I was very lucky last week, and was able to attend a blogger excursion with the IFBC, and find an answer to the question ‘just what is an endive?‘. Now I have to admit, it has been years since I have been on an excursion, and I felt like a little kid getting all loaded up on the bus with a bunch of other foodie enthusiasts to go and have a tour of an endive farm. Now I know touring an endive fair doesn’t sound that fun, and to be honest, it has never featured on my to-do list, but now that I have ‘been there and done that‘ I am so thankful that I had the opportunity to do so. It was seriously so fun and interesting, and our tour guide was just a delight!!

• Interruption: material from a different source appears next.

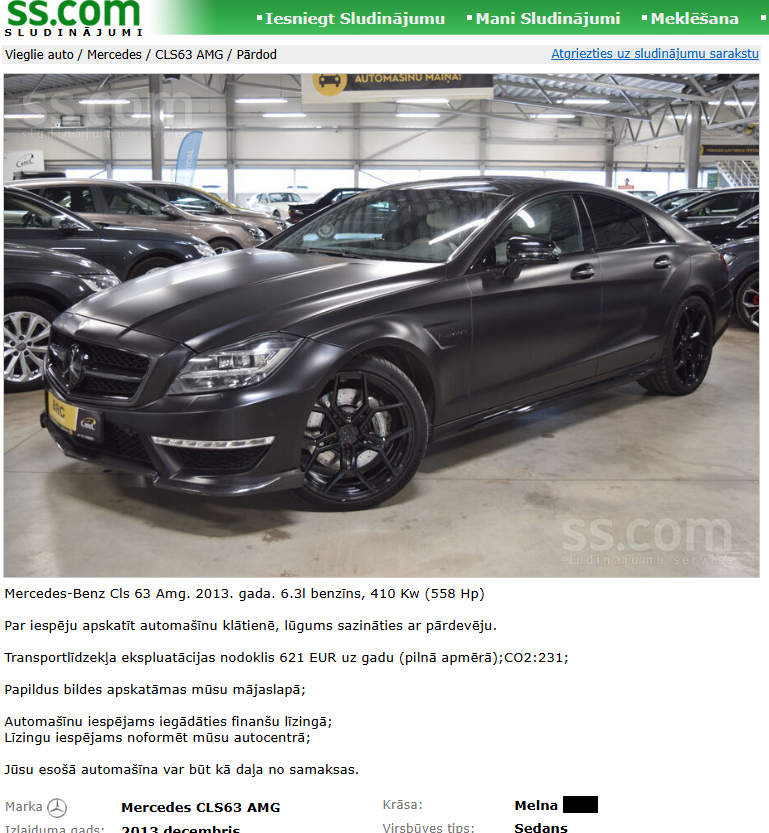 Latvijas auto tirgū pārdošanā izliktais "Mercedes-Benz CLS 63 Amg" ir reta parādība.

Rich Collins (the delightful tour guide I mentioned before), is the founder of Californian grown endives, and I can honestly say I have never in my life met someone so enthusiastic about a vegetable. Especially a vegetable that isn’t exactly very well-known in this part of the world! It was a such a treat to have him give us our little behind-the-scenes tour. That man knows everything there is to know about endives!
So, what is an endive?
Pronounced on-deev, the endive is what happens when you chop the leaves from a chicory root and then subject the root to temperatures and conditions that pretty much can’t be found in nature. They are completely different from the more well-known curly endive (en-dive), and don’t you dare get those pronunciations mixed up 😆
It is a pretty rigorous process, and from the sounds of things, makes an endive one of the most difficult vegetables in the world to grow. So hard, that when Collins decided to try growing some in California, (due mostly in response to a prompt from a chef he was working with complaining about paying $6lb for the delicacy), he was faced with only naysayers as it had never been done (successfully) before. He aptly named his first little start-up farm ‘Rebel Farms’, and hasn’t looked back, except maybe to gloat. After what sounds like a pretty bumpy ride, he and his wife perfected the process, and after 38 years California Endive is the only successful endive grower in the U.S. (that they know of).

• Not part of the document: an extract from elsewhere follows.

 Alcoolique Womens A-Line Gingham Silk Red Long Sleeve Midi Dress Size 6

You would not believe the rooms that the endive grow in. Row upon row of these perfect little veggies growing in complete darkness, in what they call ‘forcing rooms‘, named because they basically force the endive to grow. It is pretty amazing, and I feel so lucky to have been able to go behind the scenes.
So what are the benefits of endive?
Ok so we have answered the question of what is an endive, but what are the perks of spending a small fortune on these perfect little gems? They are:
- a great source of potassium;
- a nutrient dense vegetable. There is only one calorie per leaf, they are low in fat and sodium and they are naturally cholesterol-free;
- they can be grown year round, so when you find them year round at the supermarket/farmers market, it’s not because they have been shipped from halfway across the world. Plus it means you can make super-fancy appetizers year round;
- they are a great source of vitamins and minerals. They are loaded with vitamins B, C, K, calcium, magnesium, zinc, folate and selenium;
- they promote digestive health, aiding in regularity;
- they are a high in complex fibers;
- and last, but not least, they are great for snacking – I have some ideas below for you
Ok, I am convinced. But what do I do with endive, once I get my hands on some?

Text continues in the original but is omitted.